What can diffusion do?
So what can the CLIP instruction diffusion model do? Well, as mentioned earlier, they are pretty good at creating art – from realistic art to sketches, drawings and paintings in the style of practically any artist. In fact, there’s evidence to suggest that they were problematically retrieving some of their training data.
But the talent of the models – debatable – doesn’t stop there.
The researchers also experimented with using guided diffusion models to compose new music. chordan organization with financial support from Stable AI, the startup behind London-based Stable Diffusion, has released a diffusion-based model that can generate musical pieces by training hundreds of hours of existing songs. More recently, developers Seth Forsgren and Hayk Martiros created a hobby project called diffusive uses a skillfully trained diffusion model on the spectra – visual representations – of the sound to create small tracks.

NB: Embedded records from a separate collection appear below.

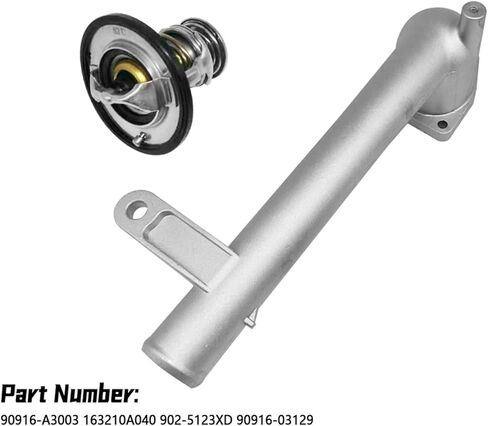 Coolant Water Outlet with Thermostat Kit Fit for Lexus RX330 2004-2006 Fit for Sienna 2004-2006, Replace 163210A040 90916-A3003 902-5123XD 90916-03129 in Kuwait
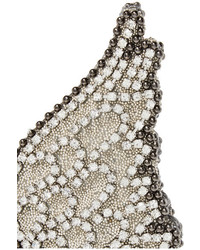 Sophia Webster Evangeline Crystal Embellished Lam Sandals Silver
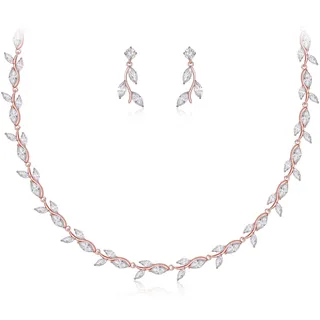 Clearine Zirkonia Schmuckset Blumenblatt Halskette und Baumel Ohrringe Set Damen Hochzeit Brautschmuck Klar Rosegold Ton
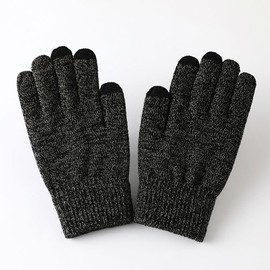 Dinghaole one pair Knitted gloves autumn padded thickened touch screen knitted cycling cold anti-slip offset printing winter warm gloves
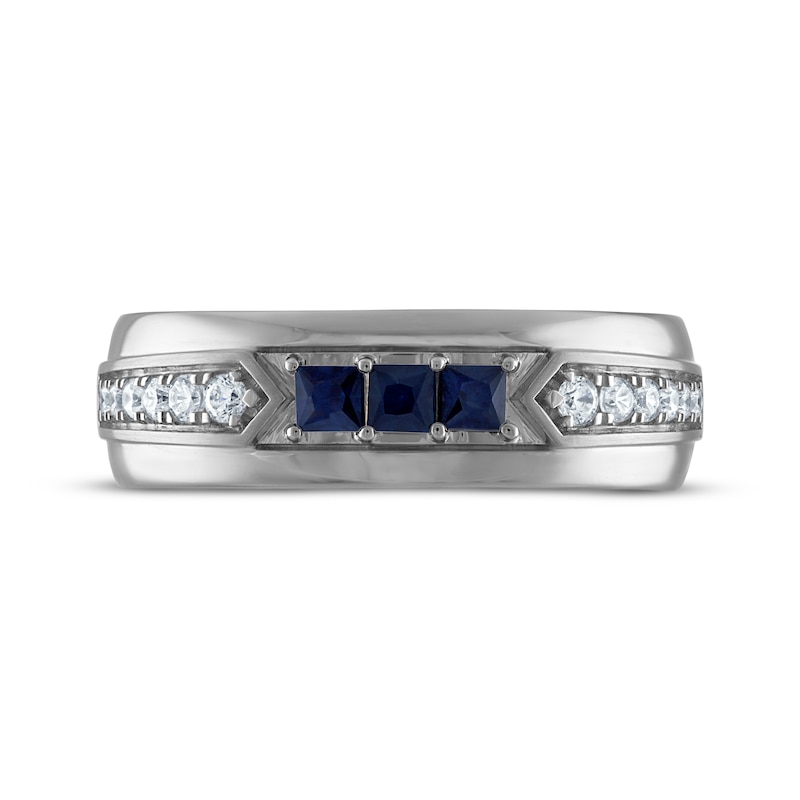 Men's Square-Cut Blue Sapphire & Diamond Wedding Band 1/5 ct tw 10K White Gold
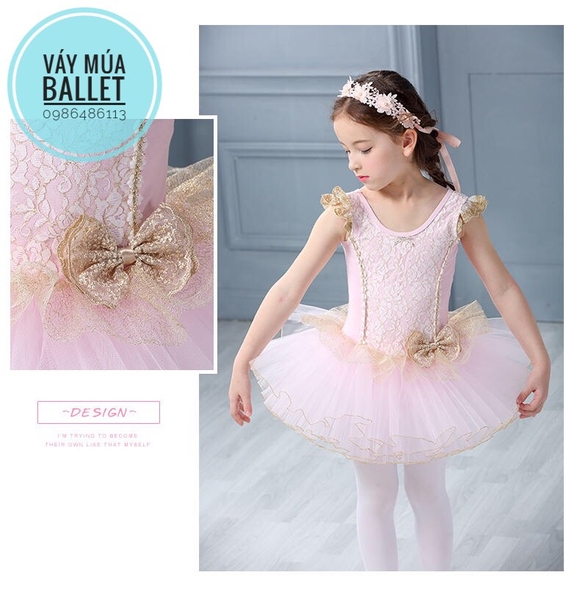 Váy múa ren đồng nơ cao cấp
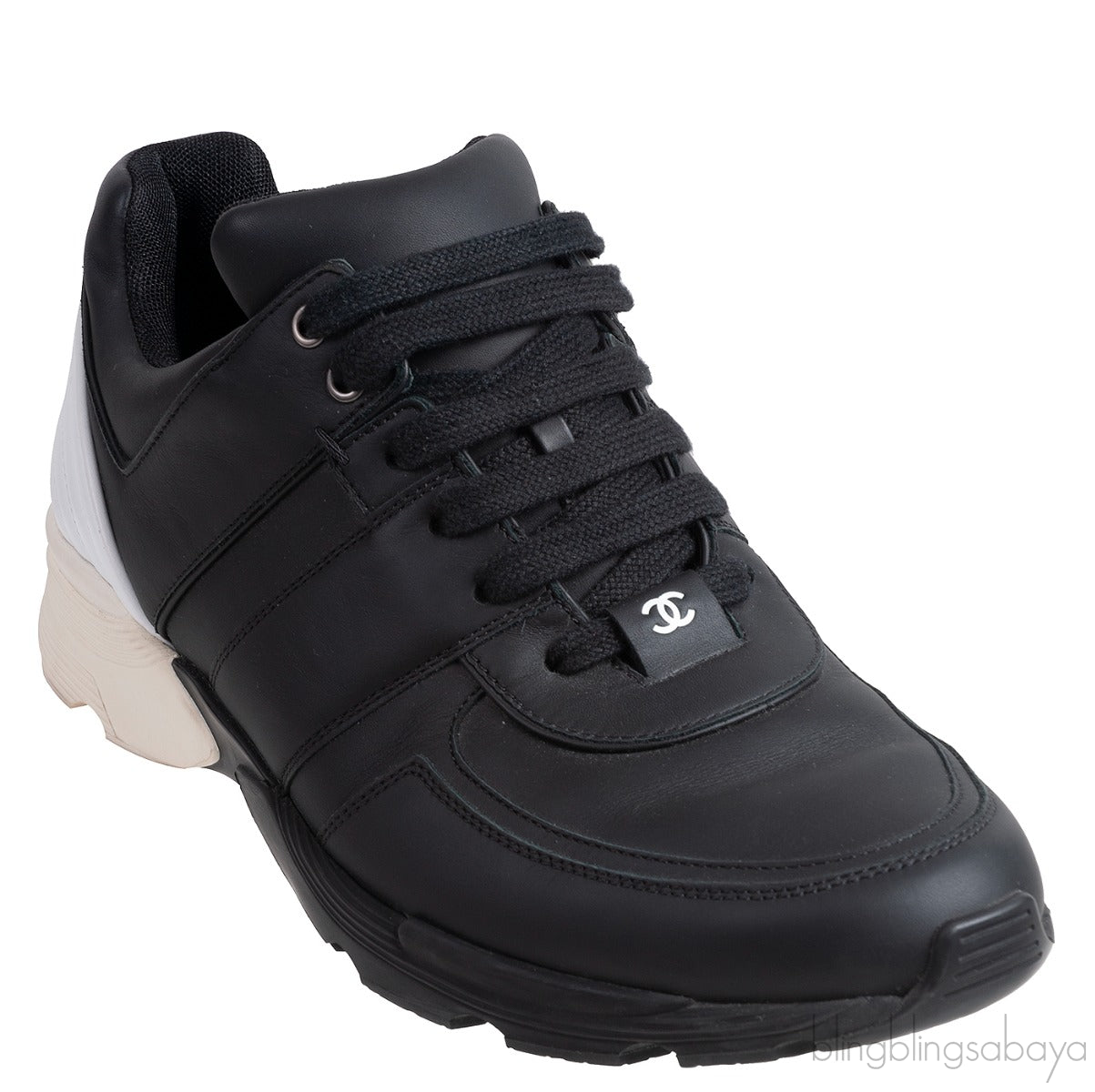 Bi-color White and Black Leather Men Sneakers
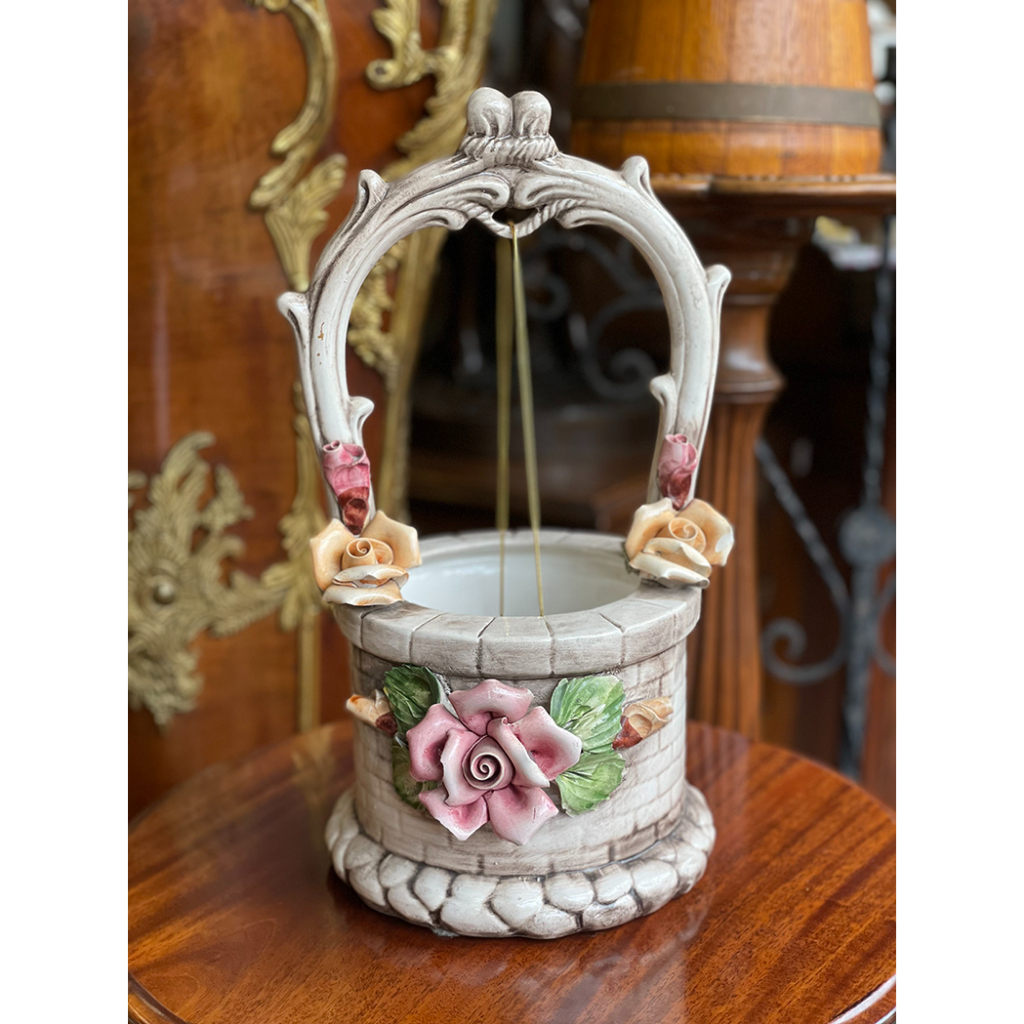 #19世紀 義大利手工陶瓷彩繪玫瑰花器/擺飾藝術品  『立體瓷玫瑰輕微損傷』 #123050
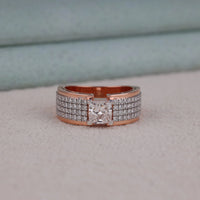 2.00 CT Princess Moissanite Pave Men's Engagement Ring | OctaPearl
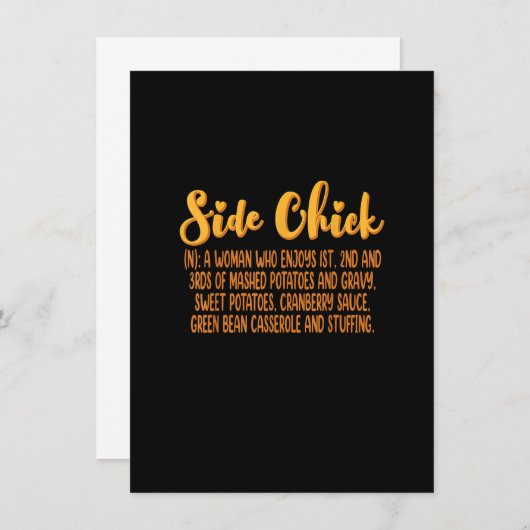 Invitation Side Chick Funny Thanksgiving Automne Automne Vibe (Devant / Derrière)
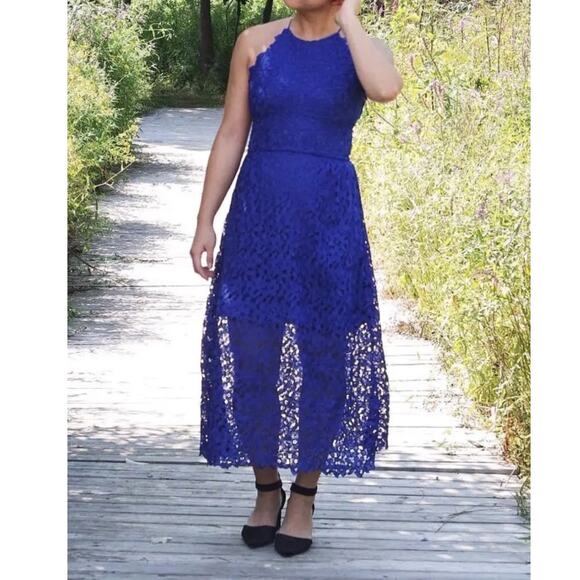SLATE & WILLOW Cobalt Blue Lace Sleeveless Partially Lined Midi Dress Size 4 - Picture 3 of 12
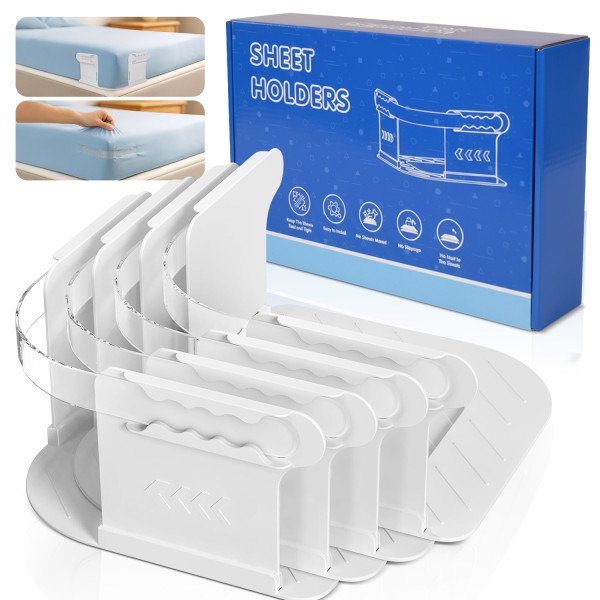 1sd Bed Sheet Holder White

Outside of music, several laboratories are trying to apply diffusion technology to biomedicine in the hope of discovering new treatments for diseases. Startup Generate Biomedicines and the University of Washington team trained diffusion-based models to generate designs for proteins with specific properties and functions, like the MIT Tech Review report in the first day of this month.
Models work in different ways. Create Biomeesines’ add noise by unraveling the amino acid sequences that make up proteins and then putting random sequences together to form a new protein, guided by constraints specified by the researchers. The University of Washington model, on the other hand, starts with a scrambled structure and uses information about how the protein fragments fit together provided by a separate AI system trained to predict the protein structure.
They have had some success. The model designed by the University of Washington team was able to find a protein that can bind to parathyroid hormone – the hormone that controls blood calcium levels – better than existing drugs.
Meanwhile, at OpenBioML, an effort supported by Stable Artificial Intelligence to bring machine learning-based approaches to biochemistry, researchers have developed a system called DNA Diffusion to generate sequences Cell type-specific regulatory DNA — segments of nucleic acid molecules that affect the expression of specific genes in an organism. Diffusion of DNA will — if all goes according to plan — produce regulatory DNA sequences from written instructions such as “A sequence will activate a gene to its maximum expression in X cells” and “A sequence that activates a gene in the liver and heart, but not in the brain.”
What could happen in the future for diffusion models? The sky can also be the limit. Currently, researchers have applied it to Make a video, compress images and speech synthesis. That’s not to say diffusion won’t eventually be replaced by a more efficient, more efficient machine learning technique, like GAN with diffusion. But it’s architecture du jour for a reason; Diffusion is nothing if not flexible.